This frame grab from video supplied by KFDA-TV shows investigators looking over the broken fuselage of an Air Force plane on March 15, 2017, in Clovis, New Mexico. (Photo by AP)

The number of US troops killed in plane crashes “skyrocketed” this year -- even prior to the recent crash of the Navy C-2A Greyhound -- along with the total number of aircraft crashes overall compared to the same period a year ago, a report has revealed.

There have been 22 US military noncombat plane crashes flying routine operations so far this year, which is 38 percent higher than this time last year, US-based Fox News reported Saturday.

 According to the report, the number of American troops killed in such plane crashes has more than doubled, with the number of US troops killed in aircraft crashes in 2017 standing at 37 after Thursday’s announcement by the Seventh Fleet that it has ended its search for three missing sailors hundreds of miles off the coast of Japan.

The crash of the C-2 Greyhound occurred 575 miles out to sea while flying from Japan to aircraft carrier USS Ronald Reagan.

The death toll is more than 130 percent higher than the number killed in non-combat plane crashes at this point in 2016, the report added, insisting that many US lawmakers blame the rising casualty figures and the number of such incidents on years of budget cuts.

"Perhaps the greatest harm to our national security and our military is self-inflicted. I repeat self-inflicted," said the chairman of the Senate Armed Services Committee, Senator John McCain, asserting that "we are killing more of our own people in training than our enemies are in combat."

The Navy transport plane crash last Wednesday was the deadliest one for the US military since an Army Black Hawk helicopter crashed off the coast of Hawaii in August, killing five service members.

Just two days before the Navy plane crash on Wednesday, an Air Force T-38 training jet -- with parts also dating back to the 1960s -- crashed in Texas, killing a pilot and injuring another. A mechanical failure is suspected in the incident.

A similar Navy training jet, a T-45, also crashed last month, killing both pilots.

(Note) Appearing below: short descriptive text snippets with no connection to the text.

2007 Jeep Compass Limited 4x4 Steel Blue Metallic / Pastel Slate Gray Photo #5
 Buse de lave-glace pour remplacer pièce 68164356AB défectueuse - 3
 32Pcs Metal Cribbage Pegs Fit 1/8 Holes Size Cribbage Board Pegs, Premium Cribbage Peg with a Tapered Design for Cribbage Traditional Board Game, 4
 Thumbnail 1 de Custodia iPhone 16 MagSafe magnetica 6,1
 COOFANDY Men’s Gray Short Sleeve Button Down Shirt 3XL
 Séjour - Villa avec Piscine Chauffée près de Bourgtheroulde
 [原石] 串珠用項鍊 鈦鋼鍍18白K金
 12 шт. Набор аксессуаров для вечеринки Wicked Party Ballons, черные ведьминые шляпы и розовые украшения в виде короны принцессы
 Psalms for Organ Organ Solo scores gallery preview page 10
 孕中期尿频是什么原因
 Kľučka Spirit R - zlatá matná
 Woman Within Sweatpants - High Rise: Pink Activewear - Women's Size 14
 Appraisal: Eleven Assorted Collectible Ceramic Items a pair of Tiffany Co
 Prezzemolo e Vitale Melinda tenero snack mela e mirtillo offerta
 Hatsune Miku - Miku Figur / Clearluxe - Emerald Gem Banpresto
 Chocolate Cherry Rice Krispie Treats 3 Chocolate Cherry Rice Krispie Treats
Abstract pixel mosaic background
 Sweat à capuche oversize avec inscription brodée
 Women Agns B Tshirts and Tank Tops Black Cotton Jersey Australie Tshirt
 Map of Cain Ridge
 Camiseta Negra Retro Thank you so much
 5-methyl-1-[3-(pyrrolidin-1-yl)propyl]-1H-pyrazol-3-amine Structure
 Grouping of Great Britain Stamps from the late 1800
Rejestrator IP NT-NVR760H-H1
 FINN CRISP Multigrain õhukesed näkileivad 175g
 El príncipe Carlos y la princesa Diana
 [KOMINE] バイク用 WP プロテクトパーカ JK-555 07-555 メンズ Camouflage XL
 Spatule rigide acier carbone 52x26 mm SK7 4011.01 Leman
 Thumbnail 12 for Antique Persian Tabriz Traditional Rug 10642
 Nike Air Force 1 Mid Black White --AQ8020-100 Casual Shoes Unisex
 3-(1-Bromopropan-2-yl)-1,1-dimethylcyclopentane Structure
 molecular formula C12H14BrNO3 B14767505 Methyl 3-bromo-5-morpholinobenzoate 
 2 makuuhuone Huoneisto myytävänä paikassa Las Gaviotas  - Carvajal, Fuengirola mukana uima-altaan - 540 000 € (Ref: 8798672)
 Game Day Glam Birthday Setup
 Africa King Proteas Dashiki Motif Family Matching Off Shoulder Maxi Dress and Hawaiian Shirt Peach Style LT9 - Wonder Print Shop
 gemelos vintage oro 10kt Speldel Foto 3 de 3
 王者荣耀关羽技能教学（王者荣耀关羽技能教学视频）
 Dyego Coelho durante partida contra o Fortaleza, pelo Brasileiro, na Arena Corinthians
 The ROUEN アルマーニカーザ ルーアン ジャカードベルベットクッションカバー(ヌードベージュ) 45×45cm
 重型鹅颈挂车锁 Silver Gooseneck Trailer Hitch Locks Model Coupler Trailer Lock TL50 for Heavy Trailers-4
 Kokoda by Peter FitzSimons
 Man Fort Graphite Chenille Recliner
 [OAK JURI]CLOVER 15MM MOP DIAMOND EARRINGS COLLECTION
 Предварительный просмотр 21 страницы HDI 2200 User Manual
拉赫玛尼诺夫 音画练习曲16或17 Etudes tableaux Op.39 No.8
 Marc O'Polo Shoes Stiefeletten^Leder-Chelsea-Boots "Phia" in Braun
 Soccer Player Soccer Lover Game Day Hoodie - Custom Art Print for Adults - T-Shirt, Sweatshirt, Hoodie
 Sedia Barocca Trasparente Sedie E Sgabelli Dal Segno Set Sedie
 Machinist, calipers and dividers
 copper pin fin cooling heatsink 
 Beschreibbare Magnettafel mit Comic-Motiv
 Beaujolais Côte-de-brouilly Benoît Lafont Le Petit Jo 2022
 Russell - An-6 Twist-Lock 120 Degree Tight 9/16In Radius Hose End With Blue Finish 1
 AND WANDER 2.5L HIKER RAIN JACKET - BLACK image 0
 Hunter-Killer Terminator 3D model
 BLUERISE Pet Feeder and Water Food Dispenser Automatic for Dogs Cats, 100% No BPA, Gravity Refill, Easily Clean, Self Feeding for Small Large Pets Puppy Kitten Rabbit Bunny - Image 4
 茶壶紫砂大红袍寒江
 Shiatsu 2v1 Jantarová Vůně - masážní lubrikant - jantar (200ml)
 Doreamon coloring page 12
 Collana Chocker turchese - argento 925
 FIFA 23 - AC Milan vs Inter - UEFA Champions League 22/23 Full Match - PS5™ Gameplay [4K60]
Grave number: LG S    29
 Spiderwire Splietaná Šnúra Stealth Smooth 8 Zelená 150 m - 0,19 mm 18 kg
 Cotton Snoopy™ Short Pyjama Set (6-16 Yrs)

Moreover in July, a Marine Corps KC-130 transport aircraft crashed in the Mississippi Delta, killing all 16 on board after reaching cruising altitude during a routine cross-country flight from North Carolina to California.

Less than a month later, a Marine Corps V-22 Osprey crashed off the east coast of Australia, killing three US Marines. Rescue workers saved 23 other service members.

US Defense Secretary Jim Mattis has testified before Congress, insisting that "no enemy in the field has done more to harm the combat readiness of our military than [budget cuts]."

Senator McCain has also said that “only five of 58 Army brigades and four of 64 Air Force squadrons are combat-ready.”

This is while the Congress has called for a $26 billion rise in US military spending to rebuild the military and to get more airplanes flying again amid the grounding of many due to shortage of spare parts as well as combat pilots.